In the first year of the project, the individual elements will be scaled and integrated to create a data generation plan that balances the shorter-term goal of identifying hits for high-priority proteins with the longer-term goal of generating data that will advance computational hit finding. The most likely screening cascade will involve screening each protein first by AS–MS against an exploratory (~15k) library whose composition will be made openly available. The rationale is that this screen is scalable, yields a direct binding readout, is the most cost effective and will most rapidly identify those proteins that are readily ‘ligandable’. The exploratory screen will also flag proteins that have physiochemical properties that render them unsuitable for AS–MS or DEL and will not be screened further. For example, the exploratory screen would flag proteins that appear stable but that in fact have transiently unfolded regions that may bind large numbers of compounds nonspecifically.
Stable and monodisperse proteins that do not yield hits from the AS–MS exploratory screen, or for which greater chemical diversity or large datasets are required, will be channelled into screens with larger chemical libraries, using both AS–MS and DEL. The proposed screening cascade will be reviewed periodically and adjusted to optimize the process or incorporate other screening approaches as needed.

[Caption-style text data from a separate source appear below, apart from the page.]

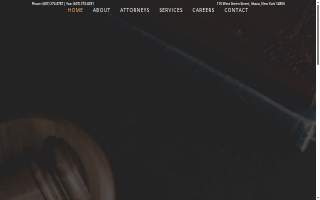 Crossmore & Tiffany Law Office PLLC website
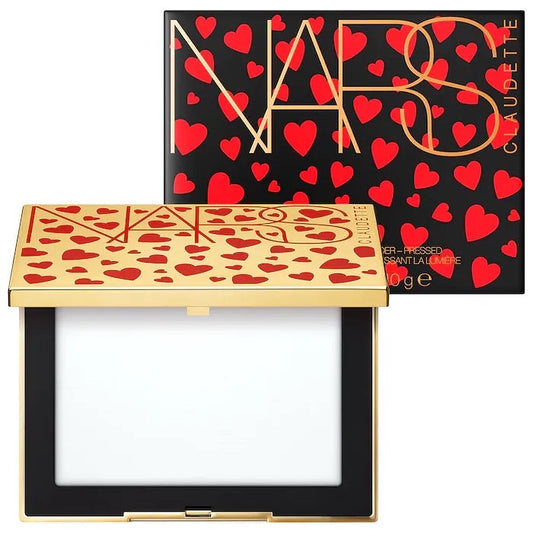 NARS, LIGHT REFLECTING PRESSED SETTING POWDER VALENTINE’S DAY EDITION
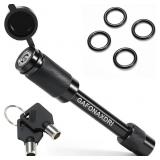 4 INCH LENGTH BLACK CLASS III/IV TRAILER HITCH PIN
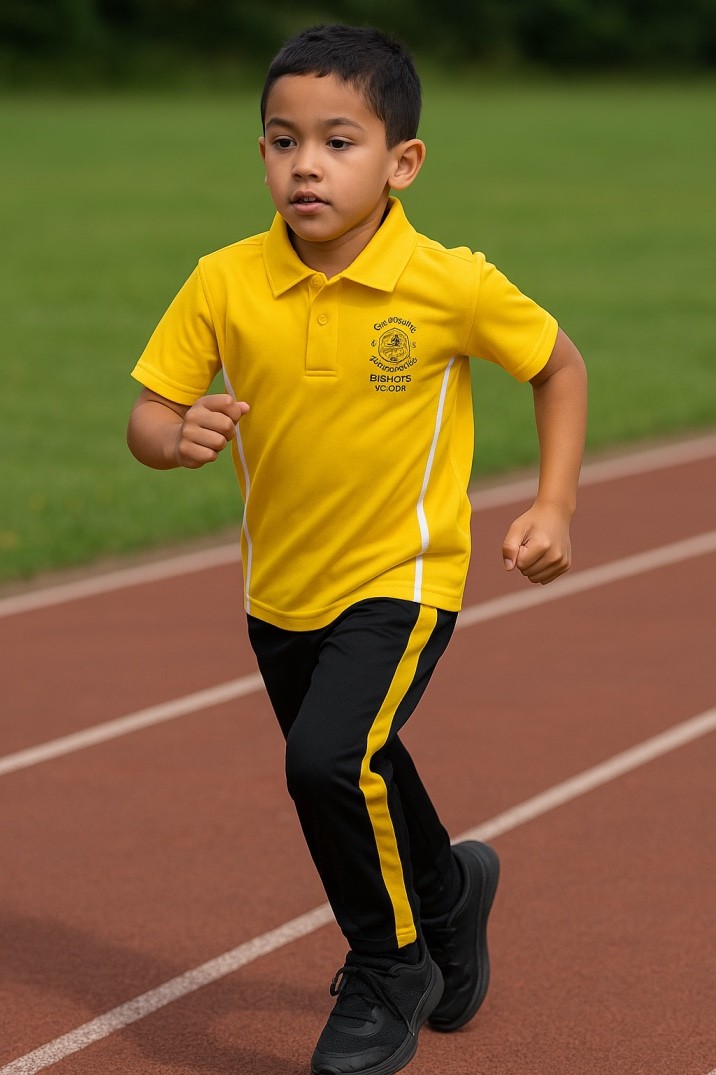 YELLOW HOUSE T-SHIRT | BISHOPS SCHOOL, UNDRI | PUNE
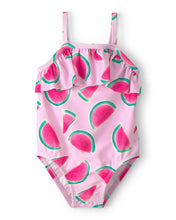 Afbeelding in Gallery-weergave laden, Carter's Baby Girl Watermelon Print Swimsuit
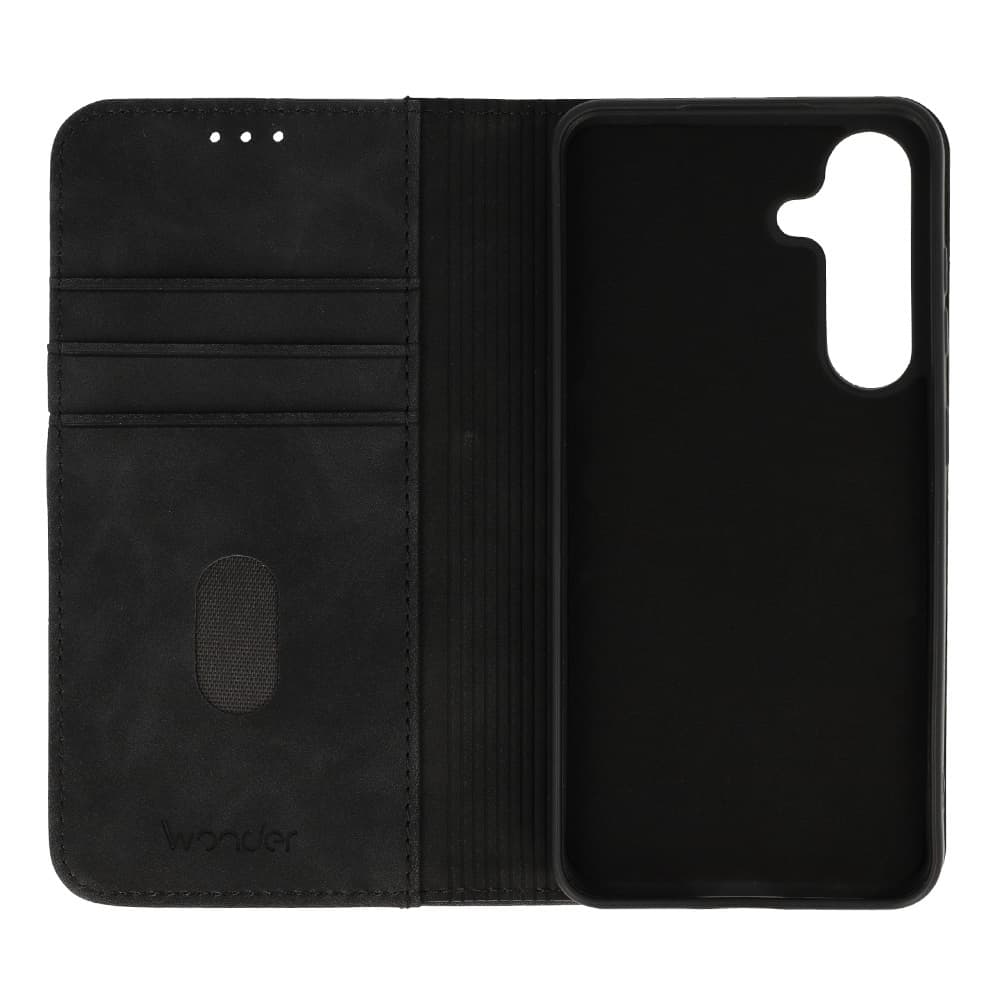Knížkové pouzdro Wonder Smart pro iPhone 17 Pro black - náhled 4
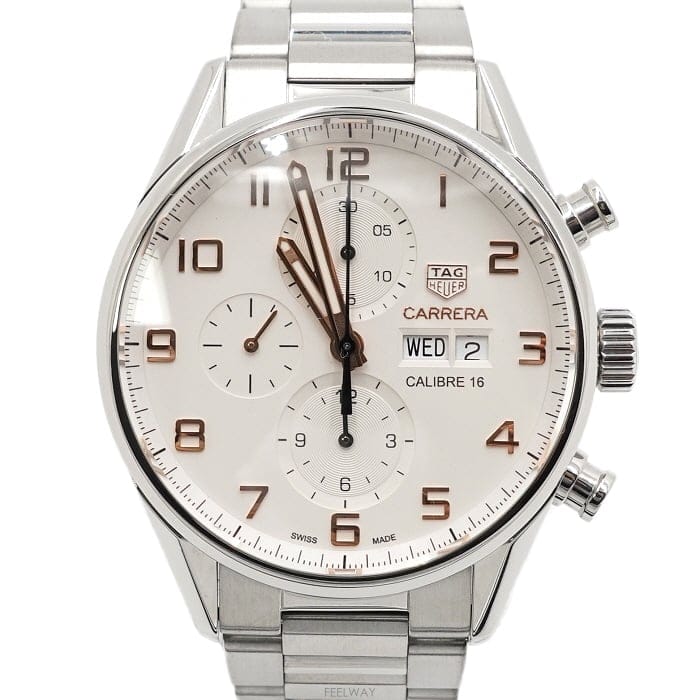 Tag Heuer �±�ȣ�̾� CV2A1AC ��� Į����16 ���̵���Ʈ 43MM �����ƽ ��ƿ ���� �ð�aa68116�±�ȣ�̾� CV2A1AC ��� Į����16 ���̵���Ʈ 43MM ��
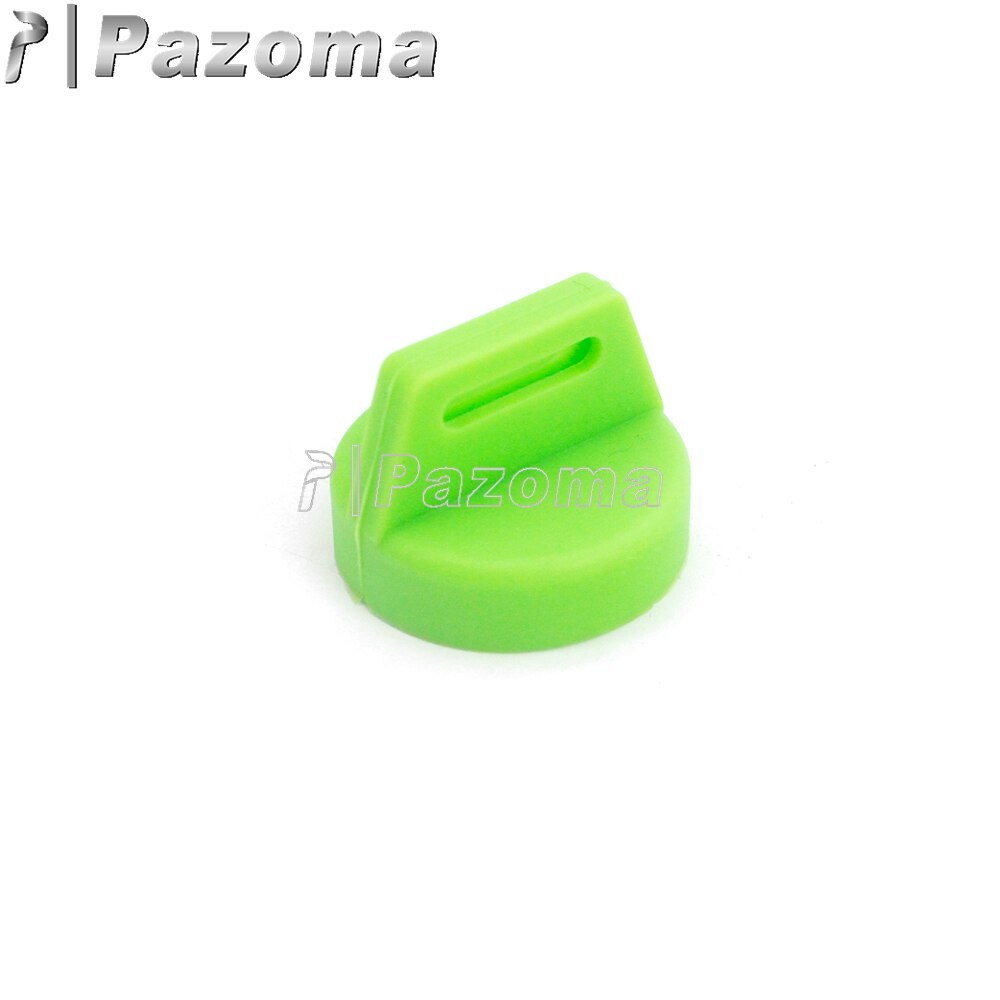 1x Atv Rubber Key Schakelaar Ontsteking Cover 5433534 Voor Polaris Rzr Xp Sportman Scrambler Trail Boss Magnum 2000: green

Encouraging community contributions
Active participation of the wider scientific community will be essential to meet the project goals. Robust community engagement will be made feasible only by adopting open science principles within the project. For clarity, this means compounds, data and algorithms developed using project resources will be made available without restriction on use, and without intellectual property constraints. This open science position provides a clarity of purpose and short-circuits what could be prolonged and complex discussions over ownership of compounds and algorithms. In keeping with this position, there will also be no restrictions on subsequent research or commercial use of data, chemical structures and algorithms generated using project resources. With this as background, community contributions in the following areas are envisioned (Table 3).
Protein scientists
Structural biologists, and protein scientists more broadly, often have unique expertise in purifying proteins in their scientific areas of interest. Community members would be encouraged to contribute their purified proteins to the screening process. For the project, this will expand the diversity of the protein–ligand datasets. For the contributing scientist, this could provide open access to hits that they can pursue without restriction in their own laboratories. Already >30 protein scientists have sent proteins to Toronto for AS–MS screening, including from Brazil, the UK, Canada, Germany, Sweden and the USA, and binders for 8 of these community proteins have already been identified, verified by surface plasmon resonance, and shared with the contributor (for example, Wang et al.51). Tapping into this diverse community at a larger scale will bring enormous scientific benefit, but will also add logistical burdens, so the project will need to implement this process carefully.
Data generation
Project screening data would be generated initially using the AS–MS and DEL screening platforms in selected hubs. However, there are clear advantages to expanding the number of participating screening laboratories, and the range of data generation technologies. Accordingly, new screening methodologies would be explored on a continual basis. To manage this process, a set of ~25 well-characterized, diverse and ligandable proteins that will have been screened comprehensively through all the initial platforms will serve as a technology test set for new screening hubs or technologies. The project board and its scientific advisers will review all data and provide recommendations about adding new centres or technologies.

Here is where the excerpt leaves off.